Several hours at least and they take ages to move along because the floats weigh so much the bearers can only carry them for a short distance at a time.

Are they suitable for children?

Watching a procession involves a lot of waiting around so some children will get bored. Malaga streets are extremely crowded so keep a close eye on your children.

Malaga Easter week practicalities

Do any hotels have views of the processions?

Yes, several hotels in city have bird’s-eye view of the processions, including:

AC Palacio (book a room overlooking Calle Molina Lario on one of the lower floors)

Palacio Solecio (book one of the superior doubles or suites, overlooking Calle Granada)

Soho Boutique La Equitativa (book a room facing Calle Larios).

Vincci Larios Diez (book a room on the highest floor possible, overlooking Calle Larios).

How can I get to Malaga at Easter?

The processions disrupt the traffic and many roads are cut off temporarily while the processions pass. This added to the metro works makes bringing your car in Malaga even more of a nightmare. Use public transport wherever possible.

Top tip – if you’re coming into Malaga for the day by car, park by the Palacio de los Deportes on the west side of town (free parking) and get the metro as far as Atarazanas station. Malaga Metro is running non-stop from 6.30am on Wednesday 27 March to 2.30am on Saturday 30 March.

How can I get around Malaga at Easter?

Easter in Malaga city centre is extremely crowded and making your way round the streets can be difficult. If you want to cross the Alameda Principal or Calle Larios, look for the designated crossings.

What happens if it rains?

Rain (or a high chance of rain) means processions may not take place or could start and then be forced to return to their chapels. Cancellations are usually within hours of the procession’s start time and can even be last-minute. For example, in 2024, numerous processions were cancelled in the early afternoon of the day they were due to go out because of rain or the threat of rain.
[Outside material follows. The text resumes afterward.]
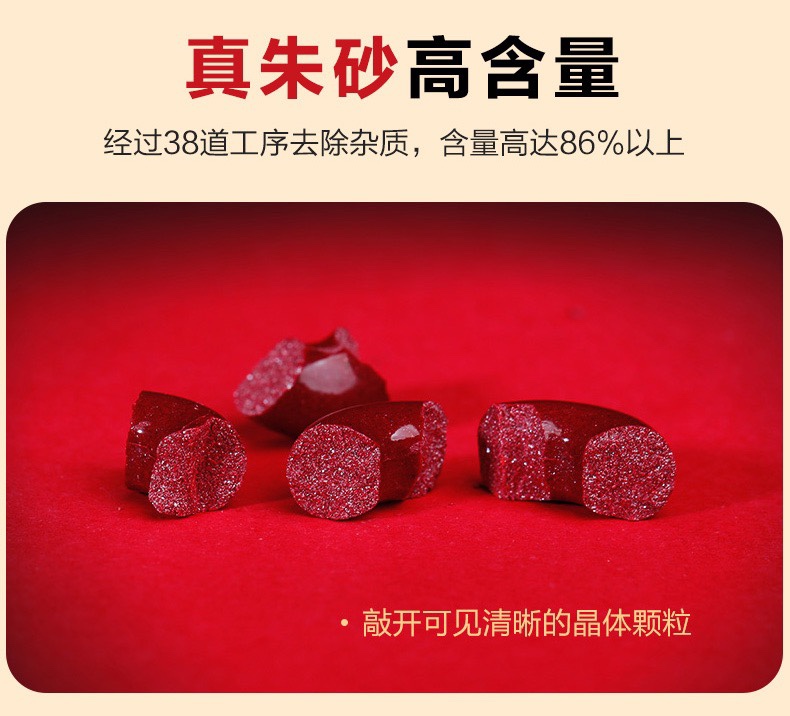 wearing cinnabar accessories—such as bracelets or talisman sachets—is - Comprehensive 3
If you want to find out how likely rain is, this link gives you the hourly forecast for Malaga.

We won’t be providing real time updates on this page, but recommend following Diario Sur and the Agrupación de Cofradías websites or social media pages. Agrupación de Cofradías on Instagram and Diario Sur on Instagram. Their stories should publish news on cancellations, re-routes and new schedules if it rains.

Read about what to do in Malaga if it rains.

Will I be able to sit down?

If you’ve got a frontline spot, you will be able to sit down while you’re waiting but you should stand up when the procession starts to go by. Otherwise, sitting down isn’t easy. There are seats along the Alameda Principal and Calle Larios, but these are usually booked and reserved months in advance.

Which days are public holidays in Malaga?

Thursday 17 and Friday 18 April 2025.

Top tip – there’s a lot of waiting around so pace yourself with processions Easter week in Malaga. Don’t try to see them all – choose 2 or 3 and make the effort to see these. Spend the rest of your holiday in Malaga doing other things.

Will the shops be open during the Easter public holidays in Malaga?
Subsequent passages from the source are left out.